Weakened Elite Units
Moscow is also encountering replacement issues for its most elite fighters. According to British intelligence, a significant part of Russia’s best military units has sustained severe losses in Ukraine that will take years to correct.
A tweet from the British Ministry of Defense claimed that Russia had deployed 65% of its entire land combat force of 120 BTGs in its invasion of Ukraine, a much more conservative estimate than the Ukrainian estimates of 95%.
Latest Defence Intelligence update on the situation in Ukraine – 02 May 2022
Find out more about the UK government's response: https://t.co/ZuMXTmNRyd
🇺🇦 #StandWithUkraine 🇺🇦 pic.twitter.com/S7E6h4WTgM
— Ministry of Defence 🇬🇧 (@DefenceHQ) May 2, 2022
They said that over a quarter of these forces had been rendered combat ineffective because of attrition. Among these are some of Russia’s most elite units, which include the VDV Airborne Forces.
The report is the latest addition to mounting intel that suggests Russia has been struggling on the ground.

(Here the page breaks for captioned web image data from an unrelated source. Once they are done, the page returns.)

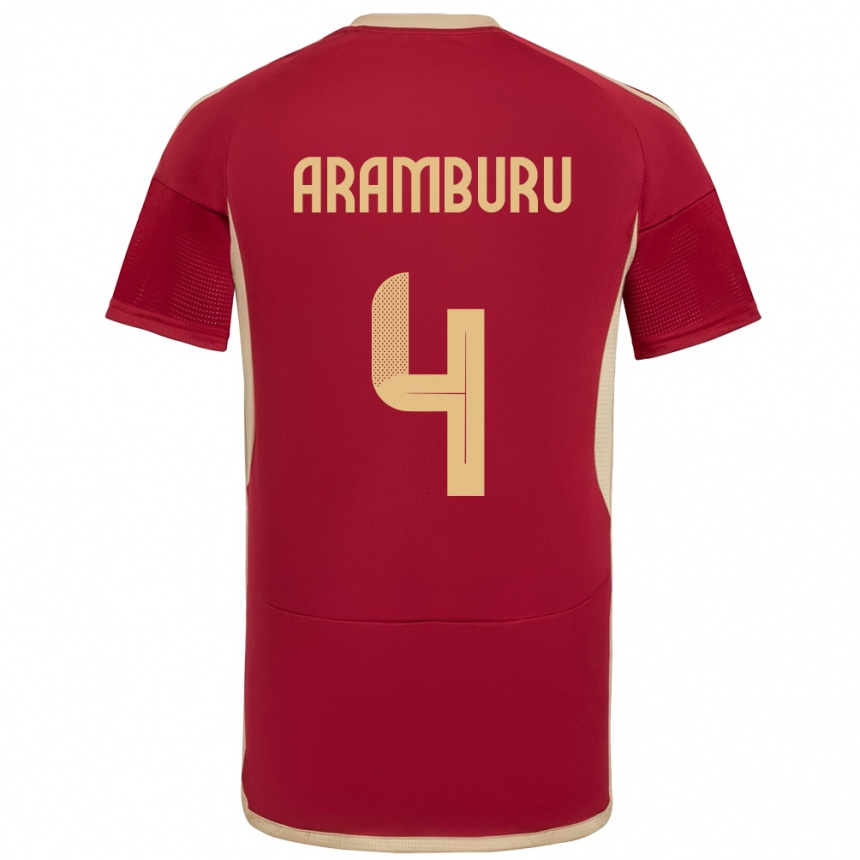 Niño Fútbol Camiseta Venezuela Jon Aramburu #4 Borgoña 1ª Equipación 24-26 Argentina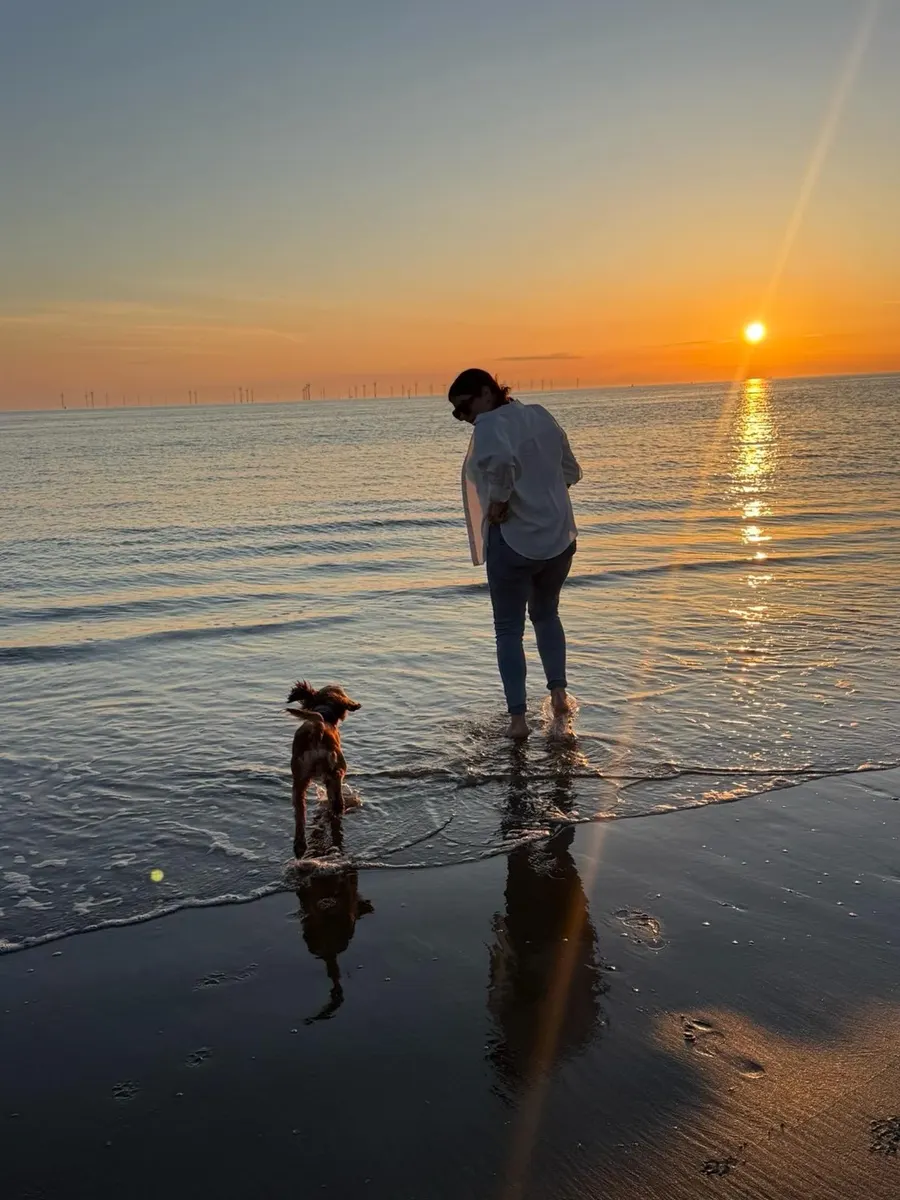 Luna enjoying a beach walk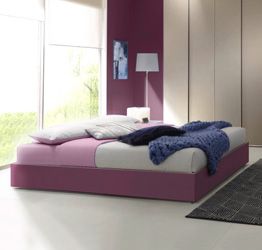 Letto king size sommier, finitura Lampone
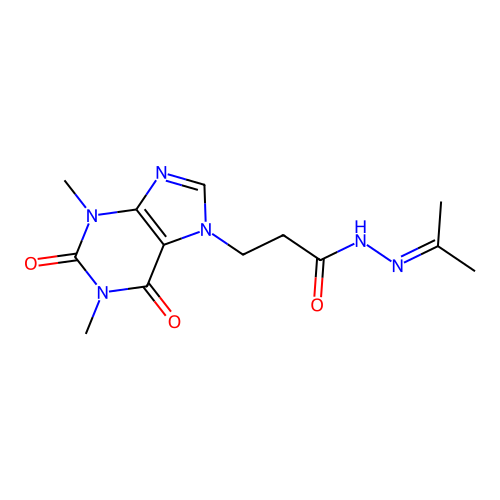 3-(1,3-dimethyl-2,6-dioxopurin-7-yl)-N-(propan-2-ylideneamino)propanamide structure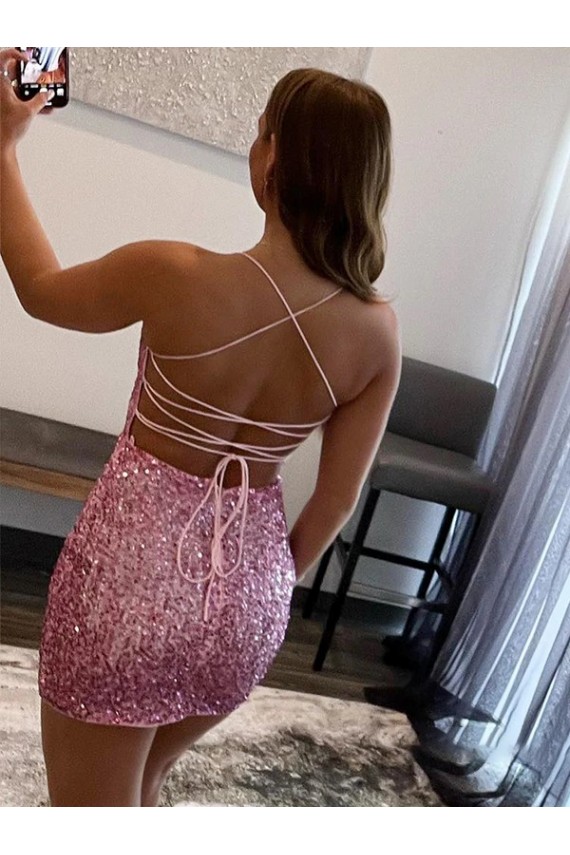 Shop Spaghetti Straps Sleeveless Short Velvet Sequin Prom Dress Ottawa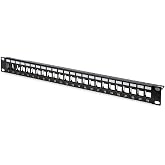DIGITUS Modular Patch Panel - 24 ports - 1U - Shielded - For Keystone | Shielded &ndash; For Keystone Modules and Connectors &ndash; Rack
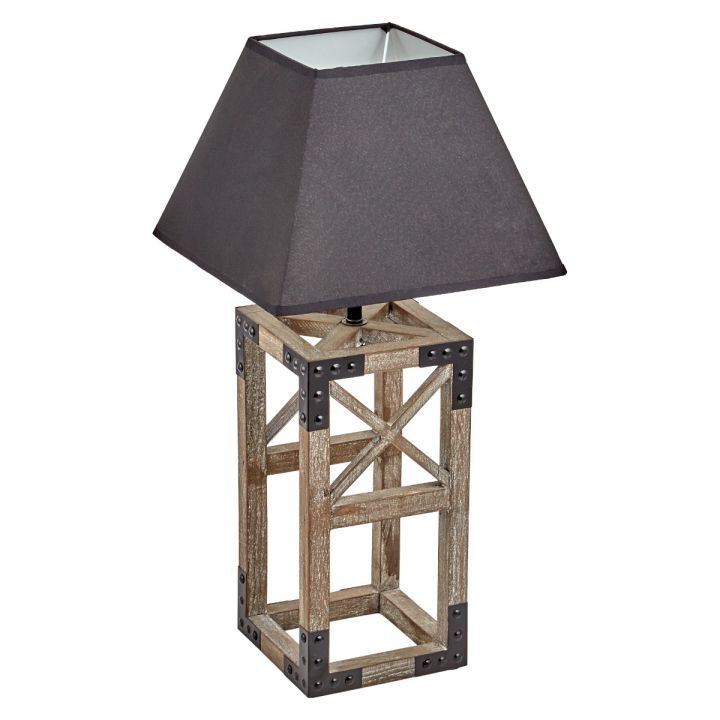 V563-BR-75048-174447-00 Designer Wooden TABLE LAMP Modern Rustic Geo Industrial Retro Desk Light - Image 1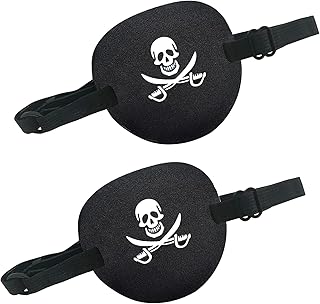 2PCS Pirate Eye Patch, Comfortable Pirate Eye Patches Pirate Eye Mask, Medical Eye Patches with Adjustable Buckle for Adults and Kids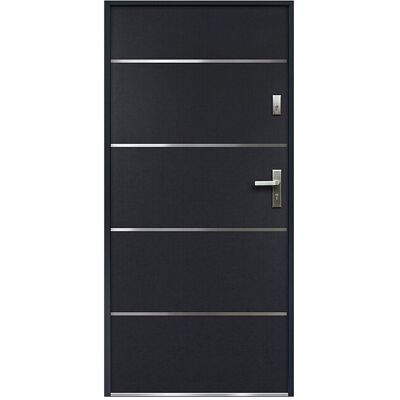 Vente-unique Eingangstür aus Stahl, voll und Edelstahl H207 x B100 cm anthrazit - Stärke 55 mm - DIN links - NAXARA Vente-unique Eingangstür aus Stahl, voll und Edelstahl H207 x B100 cm anthrazit - Stärke 55 mm - DIN links - NAXARA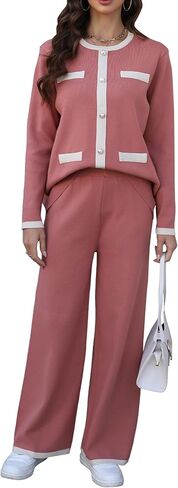 طقم سترة نسائي مكون من قطعتين من Ladyful بأكمام طويلة وسروال واسع الساق in Kuwait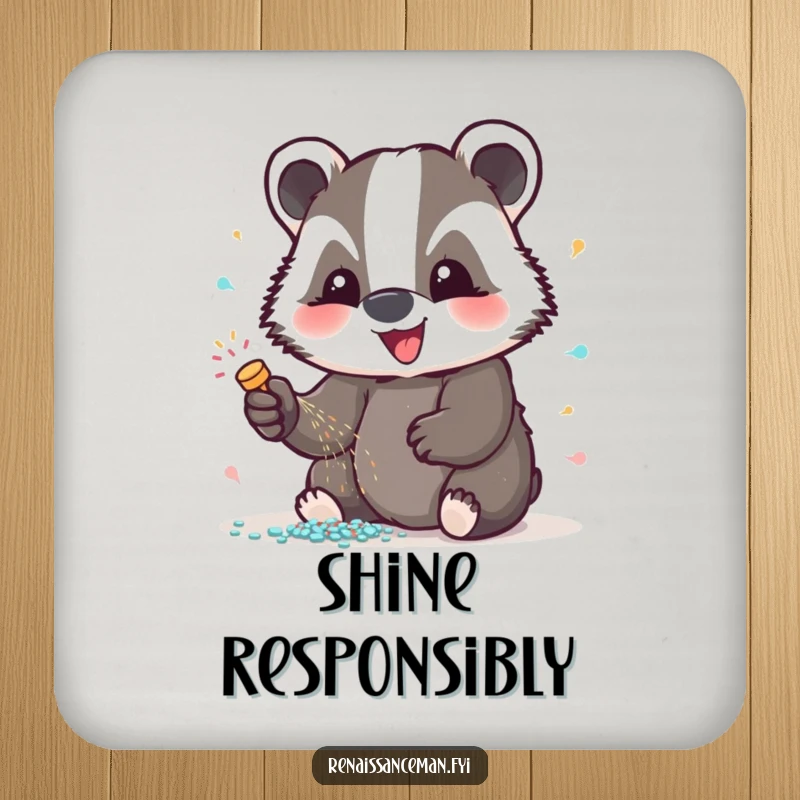 Funny badger glitter coasters, set of delightful coasters featuring a badger spreading sparkle, protecting surfaces with humor and charm, excellent gift.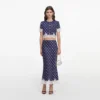 Navy Polka Dot Satin Midi Skirt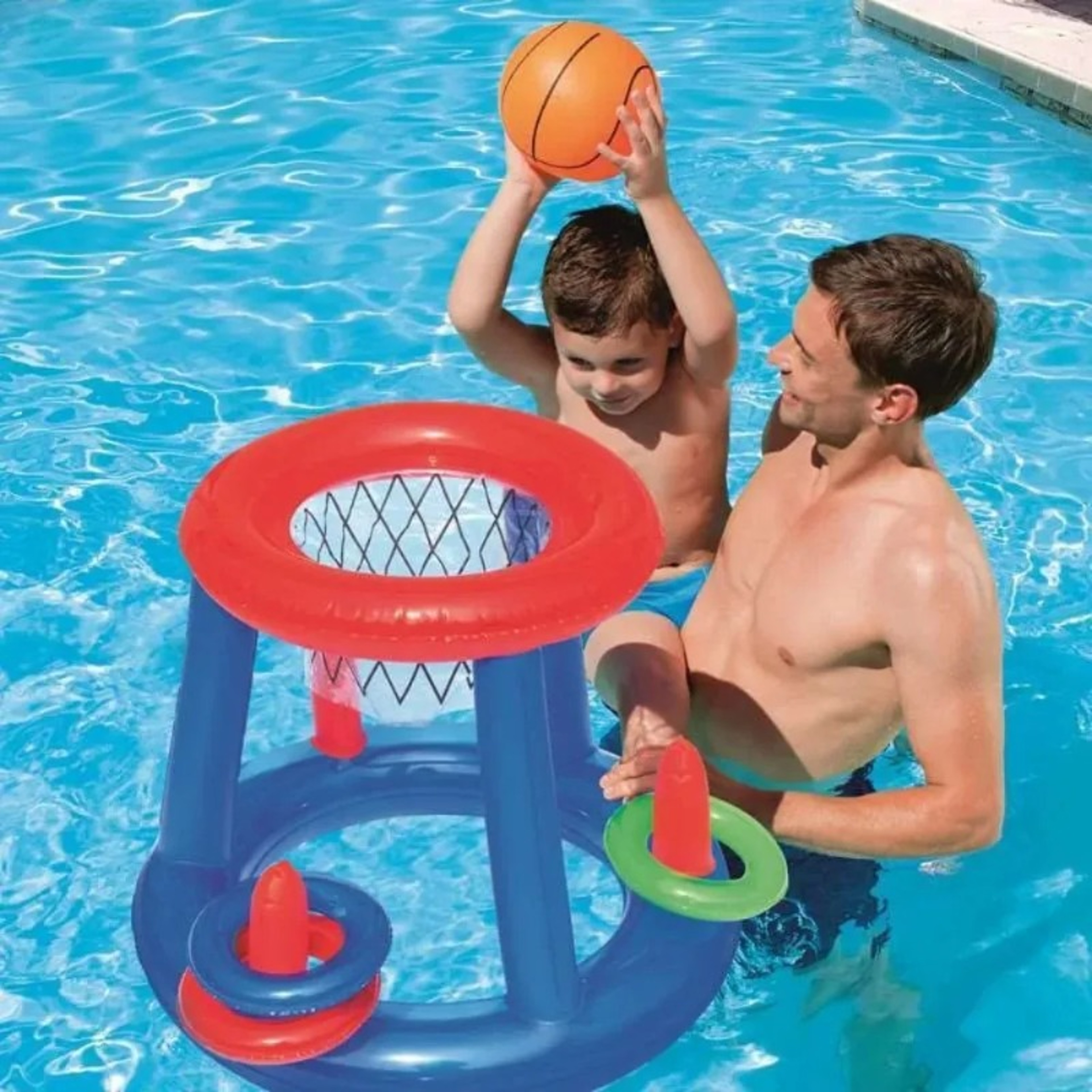 Inflatable Pool Game Set With Floating Basketball Hoop  Pool Ring Toss Game 0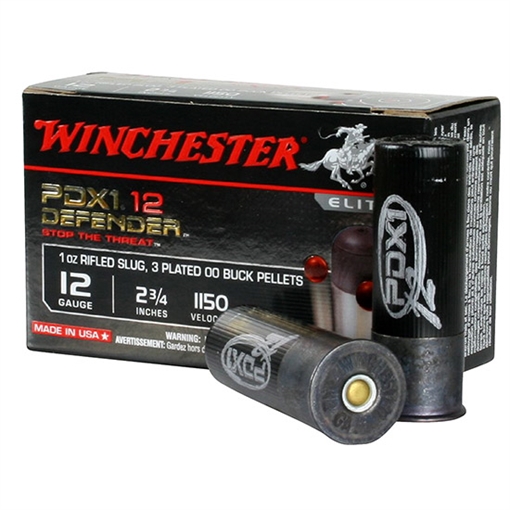 Picture of Winchester Ammo PDX1 Defender Combo 12Gauge 2.75" 1oz Rifled Slug 3Plated 00Buck Shot 10 Per Box/10 Case S12PDX1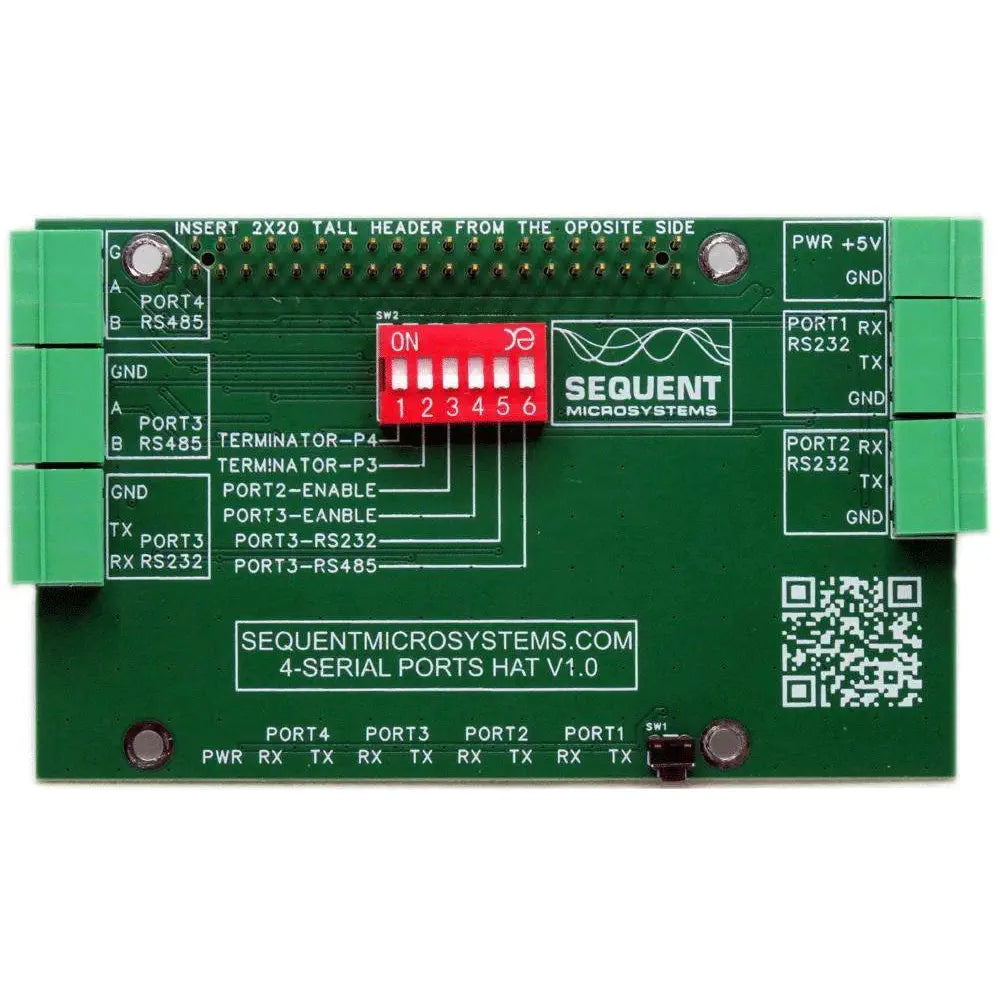 Sequent Microsystems 4 Serial Ports RS485 & RS232 Stackable HAT for Raspberry Pi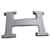 Hermès Schleife 5382 silber matt grau sandgestrahltes Metall  32mm neu Stahl  ref.505066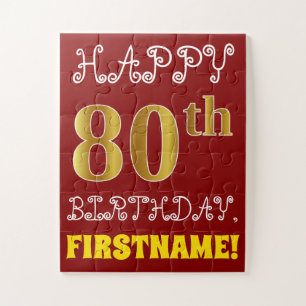 Rouge, Faux Gold 80e anniversaire + Puzzle de nom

Even with a renewed focus on Ukraine’s eastern region, progress remains slow, and each passing day brings in more losses for the Russian army.
Today we saw these dead soldiers, apparently Russian, four of them arranged in a Z like the military symbol found on Russian armored vehicles, visible to the Russian drones that continuously buzz overhead. https://t.co/R4kyBUgSsz pic.twitter.com/BnjvG6xd3Y
— Felipe Dana (@felipedana) May 2, 2022
The fear now is that Russia’s poor performance will entice Vladimir Putin to resort to more dangerous and more destructive methods of war. Insider information revealed that the Russian president intends to continue the invasion even at the expense of his country and people.
“Well, one of my concerns is that, ironically, the more success that the Ukrainians have, the greater the risk that Putin will do something because he’s losing and has to save face at home,” Democratic Senator Bob Menendez said.